The chilliness of winter is here and everywhere reminds us about the hustle and bustle of Christmas. On top of this, there are colds and flu spreading around. It’s been a long year (as always) and many of us are probably feeling more than ready for the festive break. We’re winding down at work, but whether it’s preparing for Christmas, going on holiday or getting things done at work before the break it’s a busy time and one where we could really use our focus to get to the end. So how can we find our focus to round the year off?

It’s not long till many of us are able to retire for some holiday and fireplace rest. We’re asking our brains to make a final sprint to wrap up the year, meet some final work deadlines and get all the Christmas gifts wrapped up as well. Not to mention those of you who are working directly in the festive industry - this is probably the busiest time of year! So whether we’re back at work after a week off with the flu rushing to catch up and finish for the year, listening to classic Christmas songs as we return from the shops, or trying to imagine how to schedule the next few weeks with the kids off school, how do we focus at such a chaotic time of year?

First of all, we have all been through it or it is just a matter of time before we start feeling our brain batteries run out of charge. But we are all different individuals, and so the causes of our lack of focus, as well as its remediations, are not the same for everyone. The bad news, we don’t have a magic pill to light the brain up like a Christmas tree, but we can share some expert tips on how to navigate your way back to the lost focus.

1. Planning and organising

When we’re overwhelmed by too many things to do and our focus goes in too many directions, one of the best things we could do is to sit down, stop doing for a bit and start thinking. What tasks do we need to complete before the end of the year? Which deadlines do we have before closing off for holidays? A list can be a good starting point for some of us, or you might want to try a kanban board (an agile project management tool designed to help visualize work, limit work-in-progress, and maximize efficiency or flow) with actual or virtual post-its to highlight your goals and your to-dos for the current week. You might think this is only for work-related stuff but can help a lot in your personal life as well. Planning and organising will allow you to set pathways to guide your focus and allow you to channel it into one thing at a time - and what a relief as each thing is ticked off!

2. Avoid multitasking

This is an immediate consequence of the point above, but worth mentioning separately. We all may be tempted to address our attention in multiple directions at the same time, as it gives us the impression of achieving more tasks in a shorter amount of time. False! Unfortunately, multitasking produces the opposite effect most of the time. Quickly switching our focus from one thing to another means that we need some adjustment time every time we switch to fully concentrate on a single thing. If we stayed on it until completed before starting a new task, this would save us a lot of the time we would use to force our attention to go from one task to another. Plus, we will feel much less stressed and overwhelmed by doing one thing at a time!
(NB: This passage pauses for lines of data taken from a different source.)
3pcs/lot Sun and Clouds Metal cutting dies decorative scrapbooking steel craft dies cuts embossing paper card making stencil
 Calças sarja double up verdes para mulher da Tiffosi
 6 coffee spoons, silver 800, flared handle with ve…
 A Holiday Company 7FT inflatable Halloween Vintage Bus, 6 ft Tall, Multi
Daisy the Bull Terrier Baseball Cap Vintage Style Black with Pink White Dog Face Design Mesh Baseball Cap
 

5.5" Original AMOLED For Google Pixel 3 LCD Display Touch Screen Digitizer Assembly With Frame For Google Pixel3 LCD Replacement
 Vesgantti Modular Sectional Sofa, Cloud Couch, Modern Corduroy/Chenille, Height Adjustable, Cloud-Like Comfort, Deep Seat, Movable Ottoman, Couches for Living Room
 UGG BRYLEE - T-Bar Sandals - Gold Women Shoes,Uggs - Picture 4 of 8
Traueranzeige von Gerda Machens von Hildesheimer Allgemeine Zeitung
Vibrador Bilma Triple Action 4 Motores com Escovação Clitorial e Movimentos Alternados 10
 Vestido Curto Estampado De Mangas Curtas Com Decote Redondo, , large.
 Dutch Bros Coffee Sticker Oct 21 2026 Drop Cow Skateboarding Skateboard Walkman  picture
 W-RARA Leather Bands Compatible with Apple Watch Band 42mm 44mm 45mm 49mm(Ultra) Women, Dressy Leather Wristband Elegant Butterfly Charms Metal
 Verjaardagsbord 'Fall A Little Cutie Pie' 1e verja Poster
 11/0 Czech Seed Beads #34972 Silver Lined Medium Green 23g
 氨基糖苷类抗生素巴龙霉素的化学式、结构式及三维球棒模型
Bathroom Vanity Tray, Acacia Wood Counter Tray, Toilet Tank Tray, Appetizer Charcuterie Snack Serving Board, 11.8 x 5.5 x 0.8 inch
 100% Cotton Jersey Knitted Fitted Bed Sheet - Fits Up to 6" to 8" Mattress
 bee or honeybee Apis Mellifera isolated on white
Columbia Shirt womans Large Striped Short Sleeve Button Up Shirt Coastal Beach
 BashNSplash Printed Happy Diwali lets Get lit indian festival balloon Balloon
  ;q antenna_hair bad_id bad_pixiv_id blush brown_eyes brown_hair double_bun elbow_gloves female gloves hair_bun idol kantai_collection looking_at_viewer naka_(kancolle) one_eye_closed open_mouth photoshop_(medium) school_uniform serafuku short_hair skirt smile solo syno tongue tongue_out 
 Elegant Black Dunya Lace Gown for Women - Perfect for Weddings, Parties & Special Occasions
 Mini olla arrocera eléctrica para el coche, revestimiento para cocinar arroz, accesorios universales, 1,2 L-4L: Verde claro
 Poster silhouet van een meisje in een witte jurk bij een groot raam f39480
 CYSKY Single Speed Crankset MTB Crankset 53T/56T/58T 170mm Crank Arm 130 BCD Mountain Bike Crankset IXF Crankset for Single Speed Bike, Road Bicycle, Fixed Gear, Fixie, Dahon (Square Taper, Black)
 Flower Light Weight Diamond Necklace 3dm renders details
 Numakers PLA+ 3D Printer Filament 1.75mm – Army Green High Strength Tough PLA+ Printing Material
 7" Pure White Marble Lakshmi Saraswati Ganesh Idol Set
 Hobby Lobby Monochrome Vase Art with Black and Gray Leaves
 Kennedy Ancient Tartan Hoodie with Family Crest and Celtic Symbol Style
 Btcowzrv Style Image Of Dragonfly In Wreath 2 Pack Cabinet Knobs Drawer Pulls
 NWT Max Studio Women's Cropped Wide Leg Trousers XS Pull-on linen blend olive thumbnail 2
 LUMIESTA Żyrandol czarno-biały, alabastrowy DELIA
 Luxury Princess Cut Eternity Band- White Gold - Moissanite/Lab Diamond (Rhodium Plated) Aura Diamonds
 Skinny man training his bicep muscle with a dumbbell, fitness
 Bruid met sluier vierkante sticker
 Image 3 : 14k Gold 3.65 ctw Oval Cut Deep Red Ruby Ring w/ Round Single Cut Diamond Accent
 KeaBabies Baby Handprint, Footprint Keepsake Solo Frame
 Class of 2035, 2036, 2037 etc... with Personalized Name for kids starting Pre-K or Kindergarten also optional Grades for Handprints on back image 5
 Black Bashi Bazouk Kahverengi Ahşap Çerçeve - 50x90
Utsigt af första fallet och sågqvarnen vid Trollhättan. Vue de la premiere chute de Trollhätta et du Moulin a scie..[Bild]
3. Set boundaries to distractions

So many times we tend to multitask because there are so many distractions interfering with our flow of activities. We think we can easily reply to text messages while we eat, search online for a winter chalet for the holidays while we are in a long meeting, or think of gifts for our family while we are cooking dinner, but the consequence is that we are straining our focus to look after too many things. Plus we’ll probably miss a key question during the meeting, boil over the soup and forget auntie Annie on the gift list. Around this time of the year, distractions can come from anywhere, from friends asking you to meet for a cuppa, to nephews’ recitals you are invited to, to your partner asking your help at the shopping mall - to the football, that so nearly came home. This is all nice as long as you can cope with it, but when you feel it is taking too much of your energy, learn to say no and reschedule, to make sure nothing is driving your focus away from what is most important for you to achieve.

4. Set focus time

When our diary looks pretty much free, it’s very easy to fall into the trap of letting too many distractions come our way. That’s why setting some ‘formal’ focus time might really help to optimise our concentration efforts and energy. When we have all day to do something, we might struggle (for most of the day) to focus and complete it, and we don’t mind if we are constantly interrupted. What we could finish in 20 minutes can last an entire afternoon, making us feel exhausted. Committing ourselves to focus for short periods of time helps us to do our best in that time and will give us a fulfilling sense of accomplishment, leaving the rest of the afternoon free for rest and thinking about the other 30 things on the to-do list. A Pomodoro timer (a time management method based on 25-minute stretches of focused work broken by five-minute breaks) could be a good gift you can give yourself for Christmas to create a habit of focus time in your daily schedule.

5. Take (mindful) breaks

Many of us believe that powering through will keep our focus or at least get done quicker, but actually taking a break helps us gain clarity and refocus for the next task or just to continue with a big one. Actually, those of us who struggle to use time effectively to complete tasks likely to value time in restoring ourselves, but there can’t be a strong focus without good restoration. If we take breaks from tasks but let distractions steal our break time, we will come back to the task even less focused and more tired than before. Setting boundaries to distractions also means saving quality time for ourselves, and for our minds to restore. No matter how many unread messages you have, they can wait (and even become your next task if needed), and they cannot take you from your rest time. Especially during festivities, it might be very difficult to cut some time off just for yourself, but don’t take it as optional: a thoughts-free, mindful time is essential to restore your mental focus at its peak levels.

6. Try attention training

If we try to demand ourselves to think of nothing, it’s likely all sorts of thoughts will come our way, and we'd bet most of them will be about stressful or worrying things we have to do. Meditation techniques offer a great opportunity to train our ability to control our focus, letting our thoughts drift in our consciousness, but not letting any of them steal all our focus, which remains free, and anchored in the present moment. To start, usually, meditation-based attention training asks you to focus on your breath. This is a very effective way to reset your focus and after some practice, you can use this as a tool to refresh your mind between tasks, without being in a formal meditation class or totally silent setting. If meditation is not really for you, you can try other forms of attention training, such as our brain training game AquaSnap, providing progressively challenging tasks to stretch your attention abilities within a calming underwater virtual environment.

7. Music

Music can be an excellent ally for focus, meditation and attention training. But it’s not for everyone, and we’ll all have different vibes for focus, so you might need to try a few before finding your best genre. Explore genres you would not normally listen to: we might be big fans of punk rock, but find out that classical music is our focus jam. Wham!'s Last Christmas jingle is likely not to be ideal for anyone to focus! Spotify (or whatever music platform you normally use) offers a wide selection of playlists for focus. Try a few and find out what works best for you.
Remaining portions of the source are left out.